Everything from the opening line of the records below through the line with "PONTOON BOAT With" must be duplicated exactly, pictures left out.
***** SUPPLIED INFORMATION
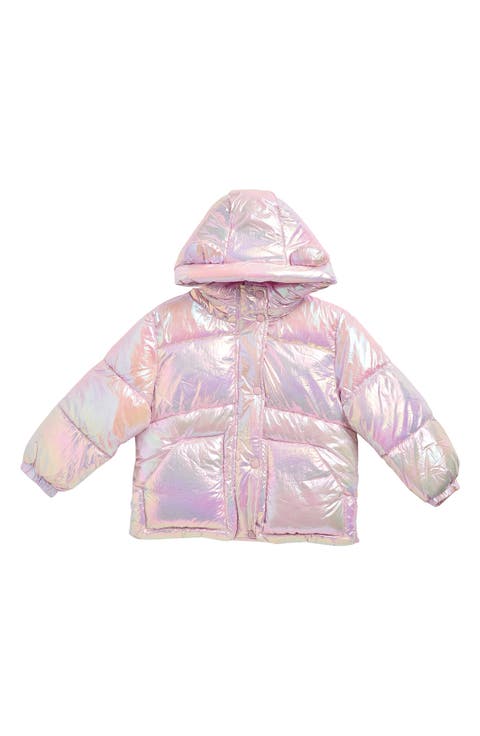 Kids' Crinkle Metallic Hooded Puffer Jacket (Toddler)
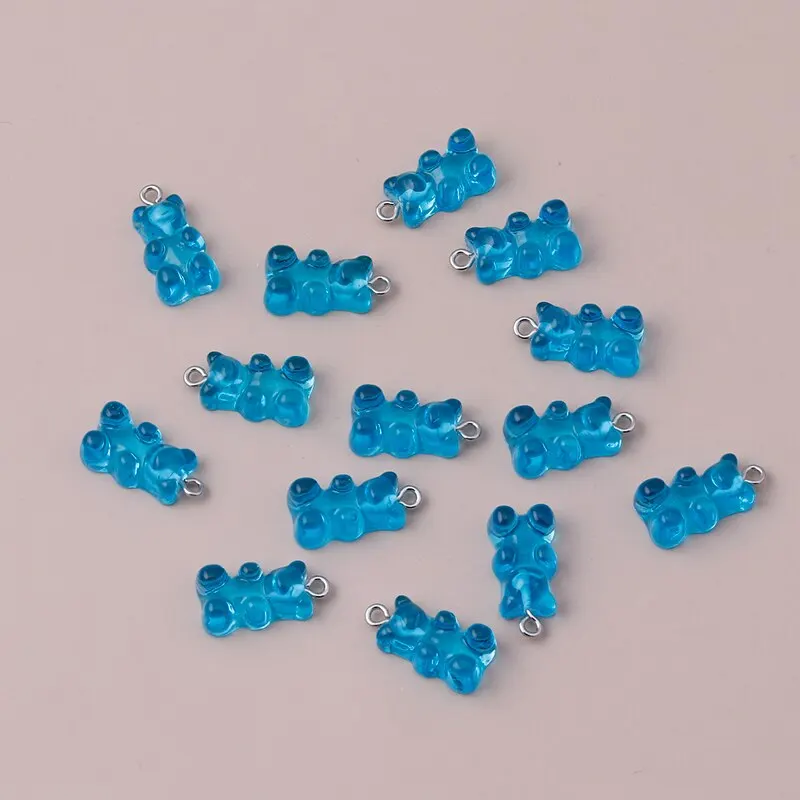 10pcs 22X11mm Candy Color Gummy Mini Bear Charms for Making Cute Earrings Pendants Necklaces DIY Creative Jewelry Finding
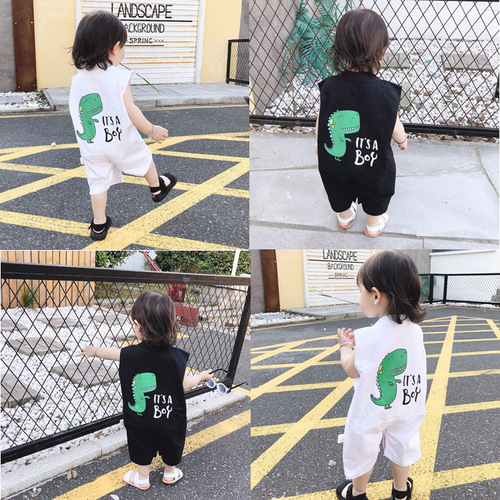 2024 summer baby onesie children dinosaur sleeveless onesie boys fashionable thin crawling suit one-piece delivery
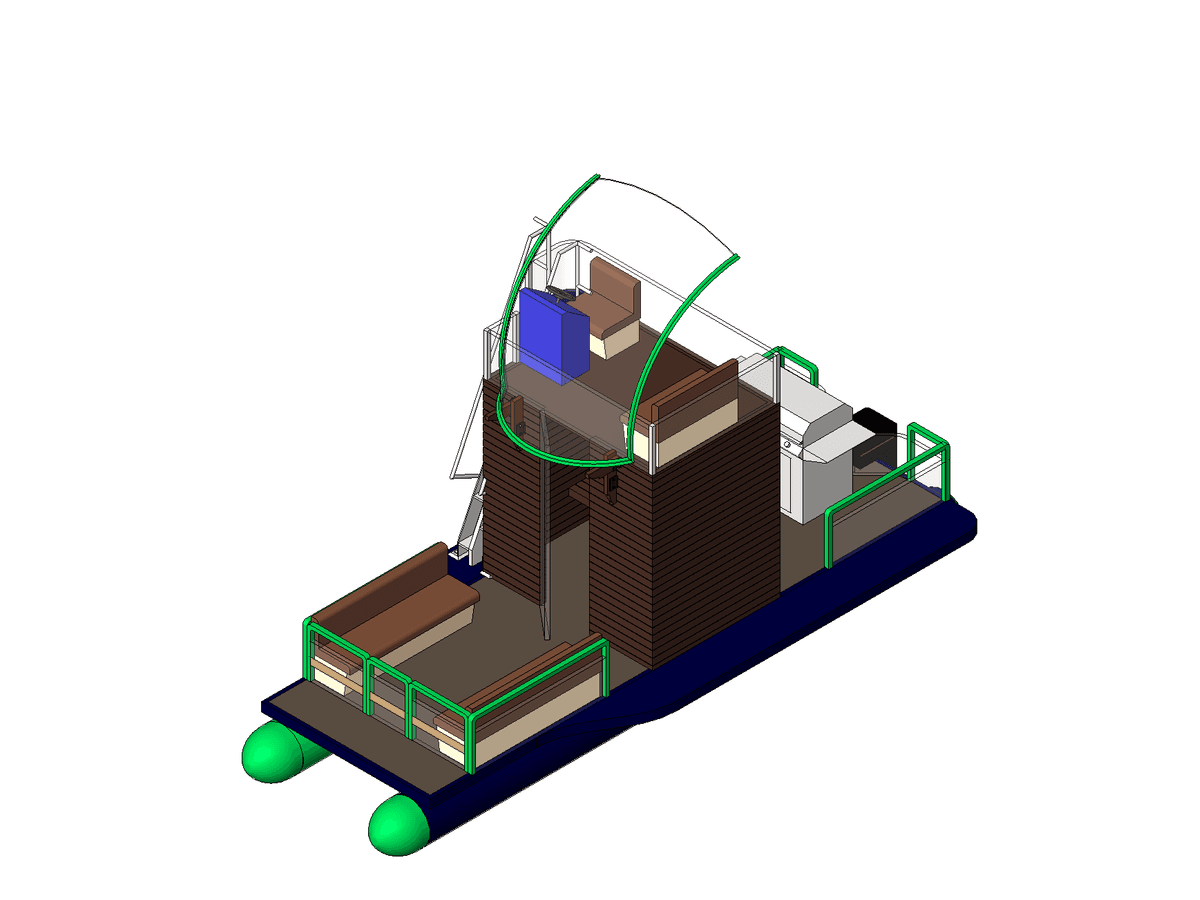 PONTOON BOAT With Sauna — Shower Revit Family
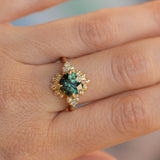 3.10ct Cushion Cut Untreated Umba Teal Green Sapphire Scalloped Diamond Cluster Ring in 14k Yellow Gold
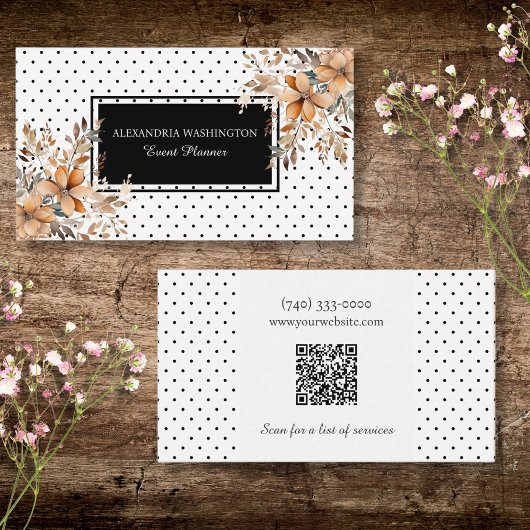 Floral and Polka Dot with QR Code Visitenkarte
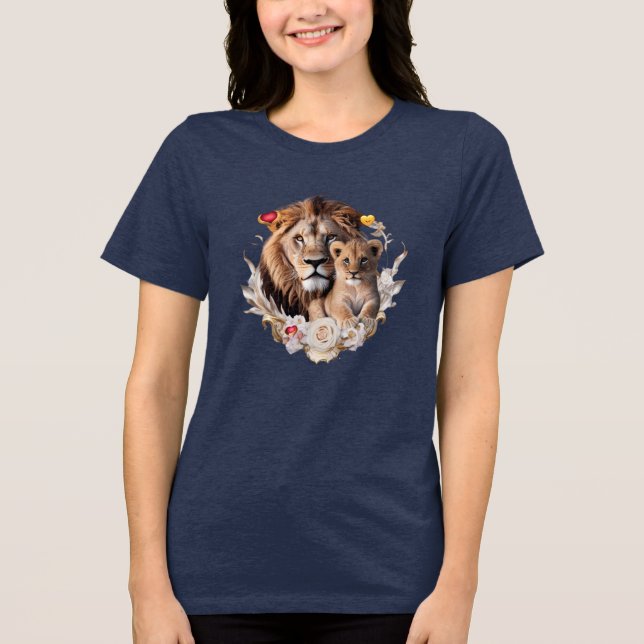 Camisa Tri-blend Royal Gold Floral Lion Cub  (Frente)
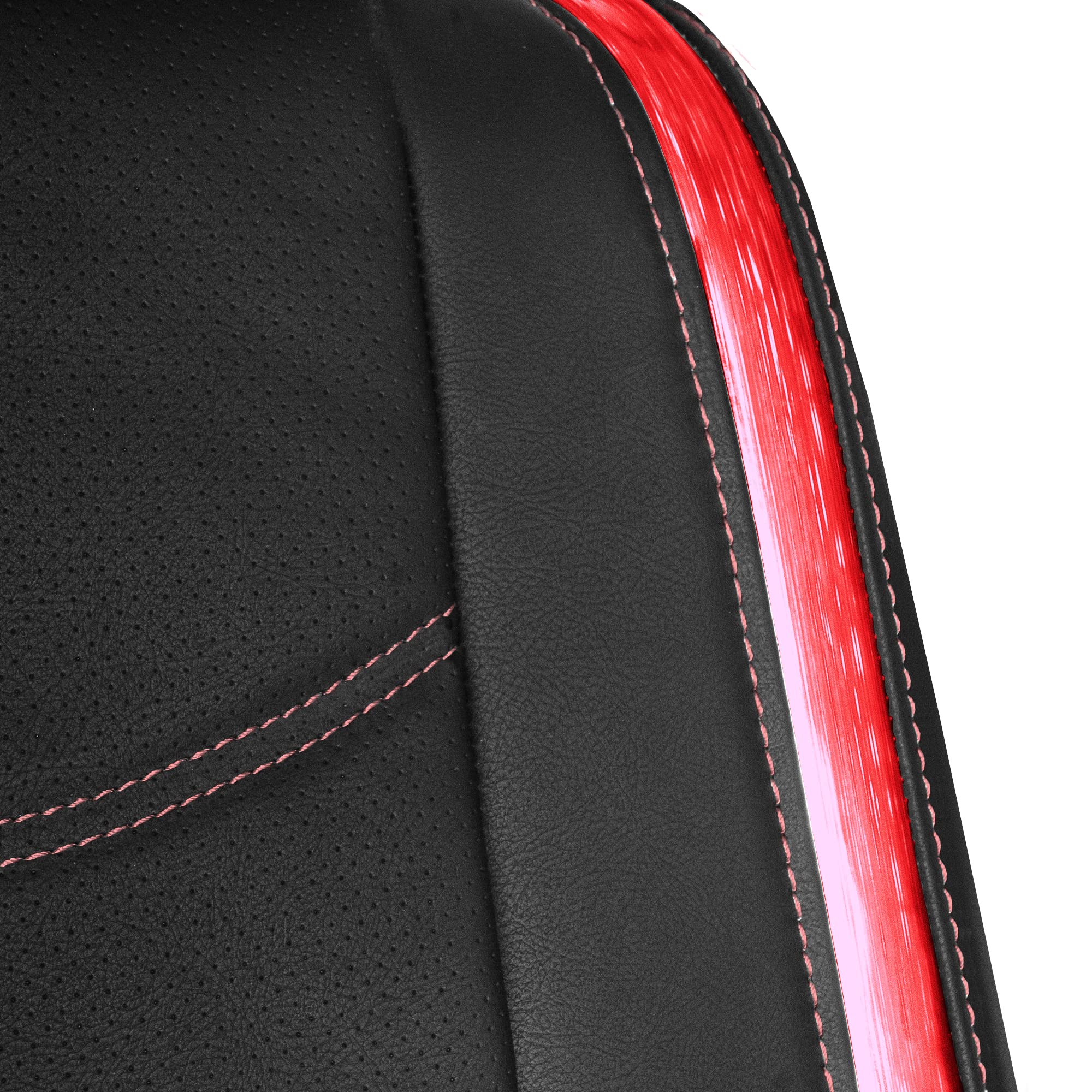 Premium TLH Automotive Red Leatherette Car Seat Covers - Universal Fit for Cars, Trucks, SUVs & Vans | Anti-Slip Protection with Built-in Pockets | Metallic Striped Galaxy13 Design | Perfect for Road Trips, Daily Commutes & Vehicle Protection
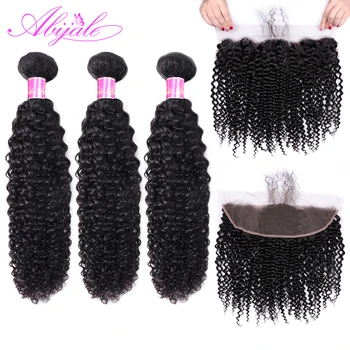 

Abijale Curly Bundles With Closure Indian Hair Bundles With Frontal Human Hair Bundles With Closure Remy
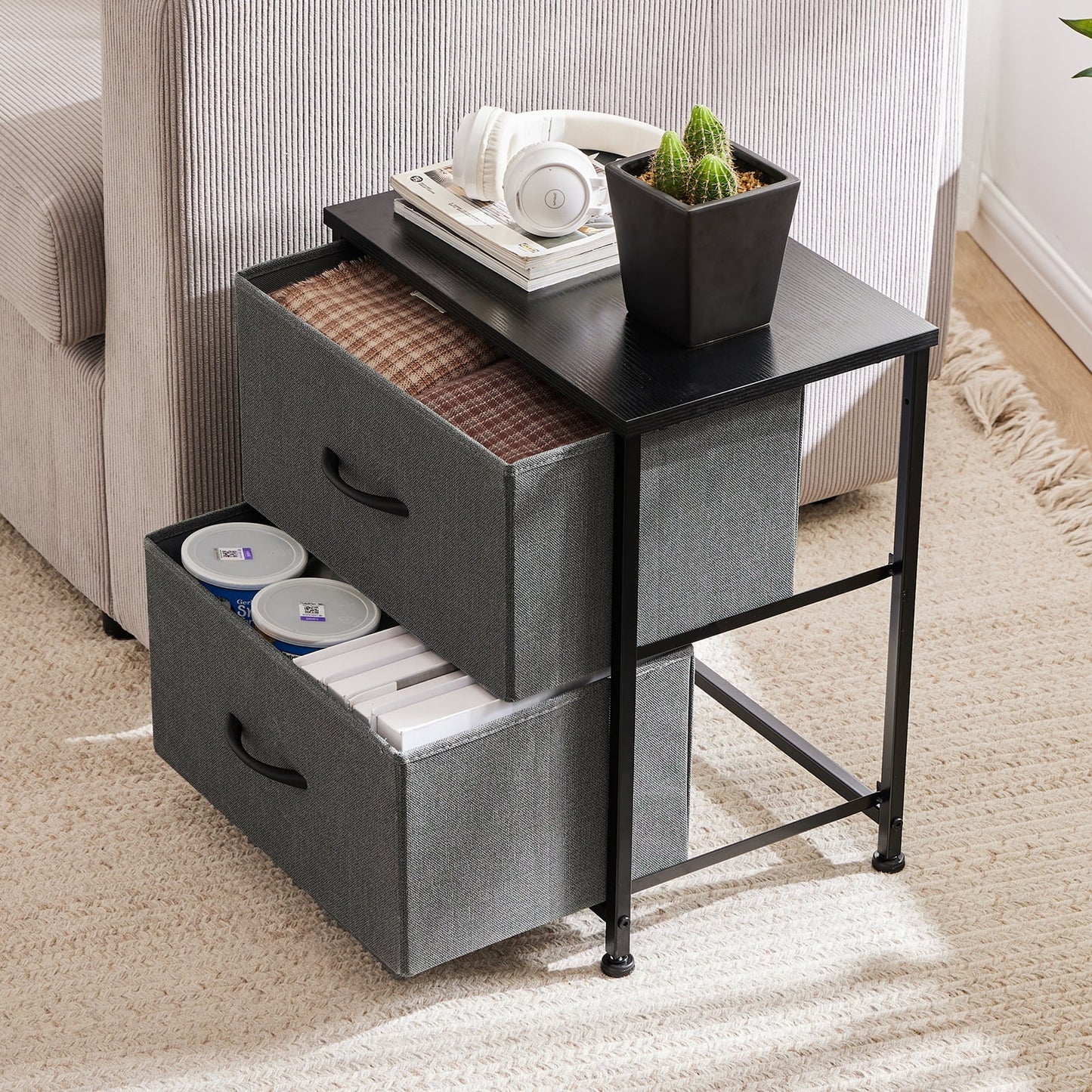 Nightstand, End Table Side Table with 2 Fabric Drawers Bedside Table for Bedroom, Closet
**********
● **RESPONSE TO THE TASK**:
 Kids' Crinkle Metallic Hooded Puffer Jacket (Toddler)
 10pcs 22X11mm Candy Color Gummy Mini Bear Charms for Making Cute Earrings Pendants Necklaces DIY Creative Jewelry Finding
 2024 summer baby onesie children dinosaur sleeveless onesie boys fashionable thin crawling suit one-piece delivery
 PONTOON BOAT With Sauna — Shower Revit Family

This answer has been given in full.